SP Palu juga menyoroti situasi Perempuan Buruh Migran di Kabupaten Sigi yang terus meningkat, bekerja ke luar negeri secara unprosedural. Padahal dahulu masyarakat Sigi dominan bekerja sebagai petani dan berkebun, namun karena krisis iklim yang berakibat pada bencana Iklim seperti kekeringan dan banjir, serta belum pulihnya lahan pertanian akibat gempa bumi sehingga membuat perempuan kehilangan pekerjaan. Dalam situasi sulitnya mendapat pekerjaan, membuat perempuan harus segera memenuhi kebutuhan ekonominya dan ekonomi keluarganya dengan bekerja ke luar negeri.

“Padahal ketika perempuan menjadi buruh migran dengan tidak tercacat di negara, maka perempuan rentan mengalami berbagai tindakan kekerasan seperti kekerasan fisik, kekerasan mental, beban ganda, eksploitasi tenaga dan ekploitasi seksual, berbagai kekerasan ini dialami perempuan dikarenakan sampai saat tidak adanya peraturan dan implementasi peraturan yang benar-benar menjamin perlindungan bagi perempuan buruh migran,” kata Elsa, staff PBM SP Palu.

Menurutnya, data kasus PBM yang ditangani oleh SP Palu, rata-rata perempuan yang berangkat dengan unprosedural mengalami indikasi perdagangan manusia (trafficking), mengalami kekerasan mental, eksploitasi tenaga, kekerasan seksual, gaji tidak dibayarkan, perampasan dokumen identitas dan pelarangan komunikasi dengan keluarga, intimidasi, berbagai tuduhan yang berakibat hukum di negara penempatan.

“Perempuan buruh migran yang bekerja keluar negeri mempunyai tujuan besar untuk memperbaiki perekonomian keluarganya. Perempuan buruh migran adalah penyumbang devisa negara, seharusnya pemerintah melakukan perlindungan yang lebih masif.

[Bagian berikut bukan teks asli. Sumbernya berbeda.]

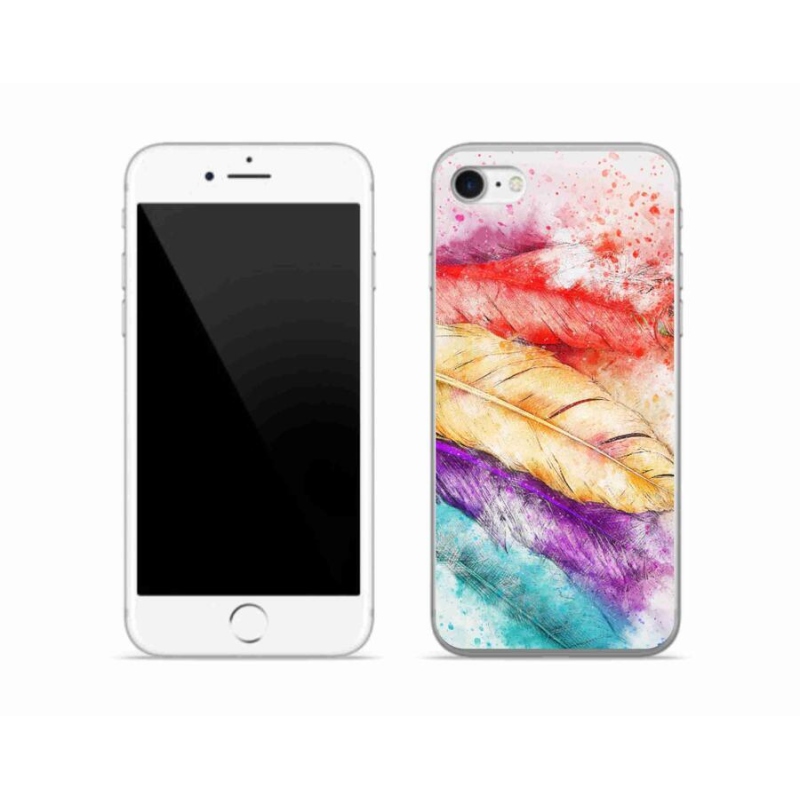 Gelový kryt mmCase na mobil iPhone 8 - barevné peří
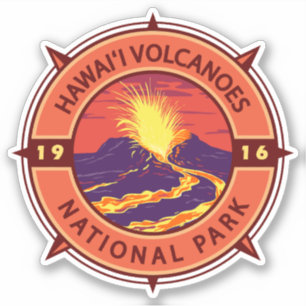Hawaii Vulkaners National Park Retro Compass Klistermärken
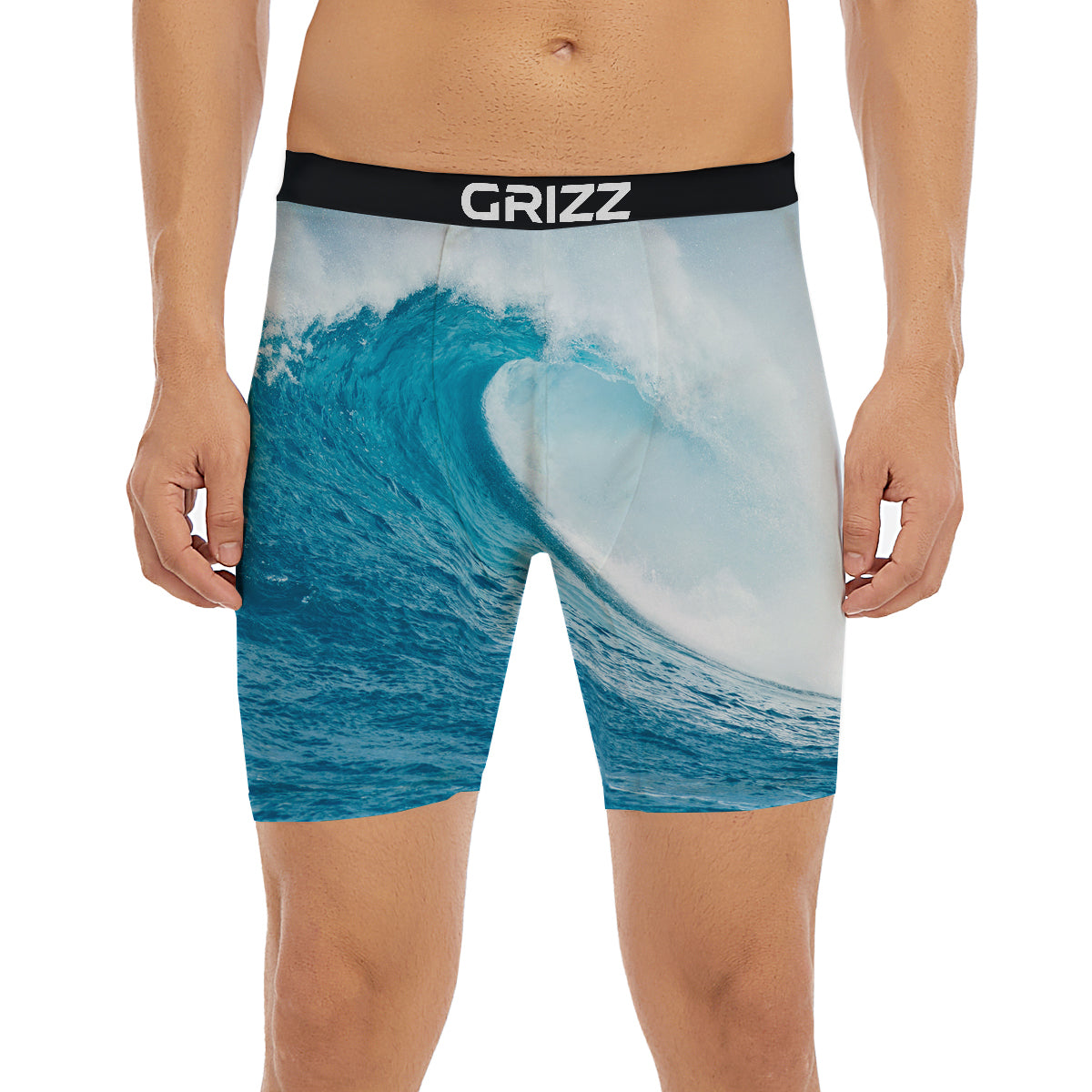 Blue Ocean Wave Print Boxer Briefs-grizzshop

“Banyak PBM yang lebih memilih berangkat secara unprosedural karena dianggap lebih mudah, sehingga jangan sampai sosialisasi yang dilakukan oleh calo-calo tidak resmi lebih masif daripada sosialisasi yang dilakukan oleh pemerintah terkait migrasi aman,” katanya.

Menurut Staff Kampanye SP Palu, Amalia, masifnya industri nikel PT. IMIP di Morowali menyempitkan ruang hidup, mata pencaharian, dan sumber penghidupan perempuan terutama perempuan yang marginal yang tak bertanah. Banyak perempuan yang sebelumnya bekerja sebagai petani dan nelayan terpaksa beralih pekerjaan menjadi pengepul botol bekas, pedagang kecil, pekerja pembersih ikan bahkan ada yang sudah tidak bekerja. Sudah terlihat jelas dampak besar adanya perusahaan yang memiskinkan perempuan.

“Pemberian izin untuk perluasan lahan perusahaan di Morowali sana sangat berdampak besar bagi perempuan terkhusus petani dan nelayan. Diambil lahannya dan dicemari lautnya, menghilangkan sumber kehidupan dan semakin memiskinkan perempuan,” kata Amalia.

Di Desa Watutau khususnya, Kabupaten Poso terjadi konflik agraria karena hadirnya Badan Bank Tanah yang membuat perempuan kehilangan tanah yang menjadi sumber pangan dan ekonominya. Adanya Badan Bank Tanah juga berdampak pada hilangnya identitas perempuan sebagai masyarakat akibat kehilangan wilayah adatnya.

Oleh karena itu, SP Palu menyuarakan 3 tuntutan yaitu implementasi Perda Pengakuan Masyarakat Adat di Morowali,
Stop perluasan kawasan industri yang merampas ruang hidup perempuan, memiskinkan perempuan, penghilangan sumber ekonomi dan sumber-sumber penghidupan perempuan.

“Stop pengrusakan lingkungan demi investasi yang memperkaya oligarki dan memiskinkan perempuan. Wujudkan Peraturan yang benar-benar melindungi perempuan buruh migran!” Tuntut SP Palu.